[DATA FOR THIS EXERCISE — start]

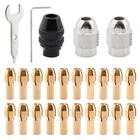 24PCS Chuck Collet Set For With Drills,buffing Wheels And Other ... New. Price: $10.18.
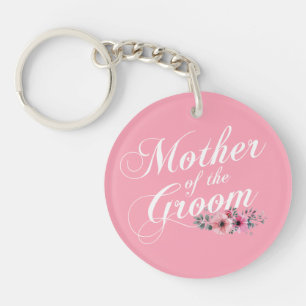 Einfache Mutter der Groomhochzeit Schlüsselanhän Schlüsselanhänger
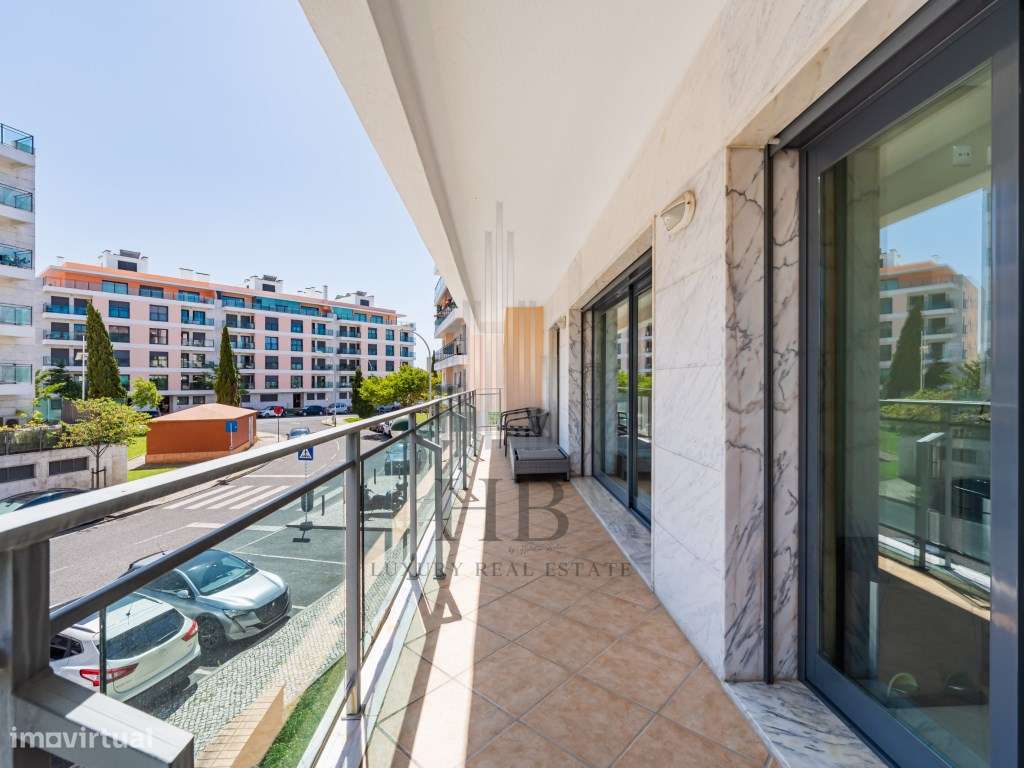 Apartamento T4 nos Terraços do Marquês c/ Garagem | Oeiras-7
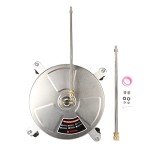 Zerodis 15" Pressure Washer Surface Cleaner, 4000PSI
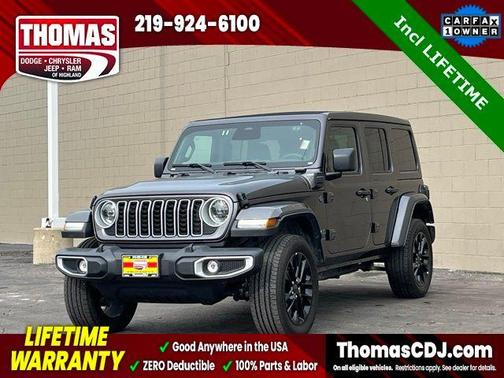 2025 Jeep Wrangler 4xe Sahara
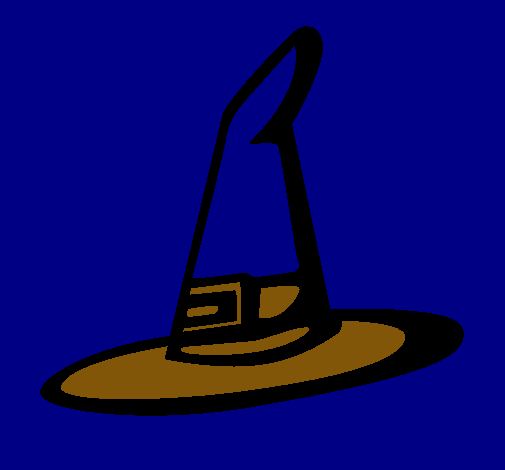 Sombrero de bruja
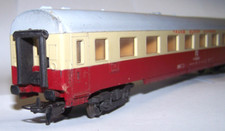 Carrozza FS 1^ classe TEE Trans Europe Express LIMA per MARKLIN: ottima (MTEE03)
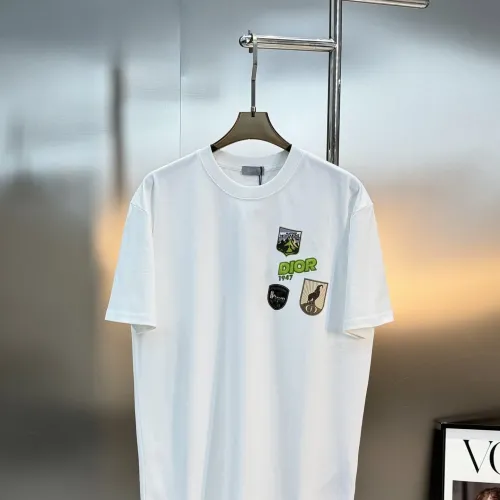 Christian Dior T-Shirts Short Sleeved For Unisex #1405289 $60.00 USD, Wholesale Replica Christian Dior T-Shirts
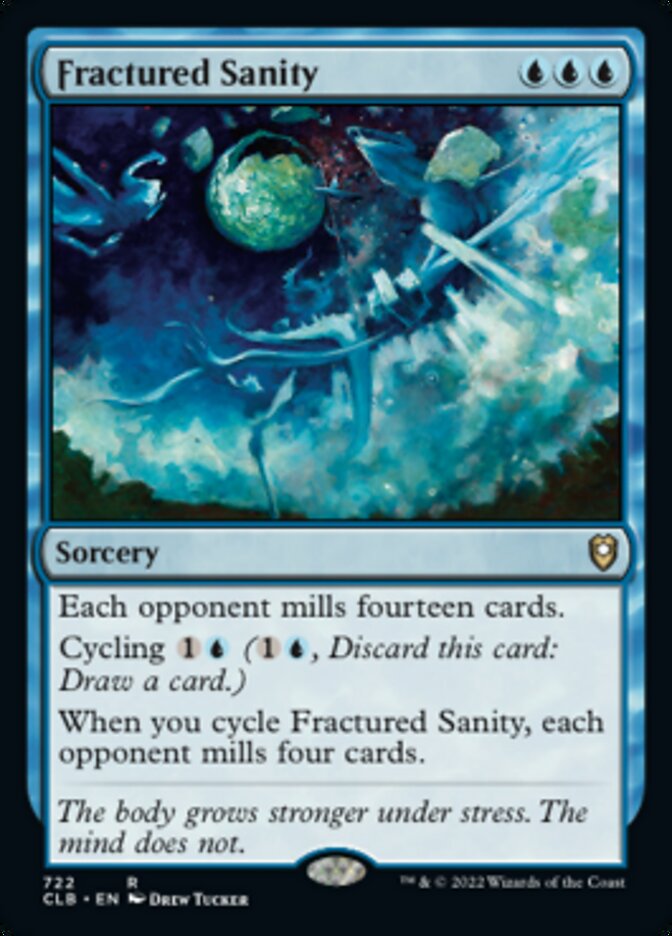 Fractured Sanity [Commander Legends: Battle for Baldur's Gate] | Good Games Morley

[DATA FOR THIS EXERCISE — finish]

GOAL OF THE EXERCISE: Repeat verbatim the range of lines that opens at the line containing "Apartamento T4 nos" and closes at the last line of the entries, excluding all pictures.

EXERCISE ANSWER:
 Apartamento T4 nos Terraços do Marquês c/ Garagem | Oeiras-7
 Zerodis 15" Pressure Washer Surface Cleaner, 4000PSI
 2025 Jeep Wrangler 4xe Sahara
 Sombrero de bruja
 Carrozza FS 1^ classe TEE Trans Europe Express LIMA per MARKLIN: ottima (MTEE03)
 Christian Dior T-Shirts Short Sleeved For Unisex #1405289 $60.00 USD, Wholesale Replica Christian Dior T-Shirts
 Fractured Sanity [Commander Legends: Battle for Baldur's Gate] | Good Games Morley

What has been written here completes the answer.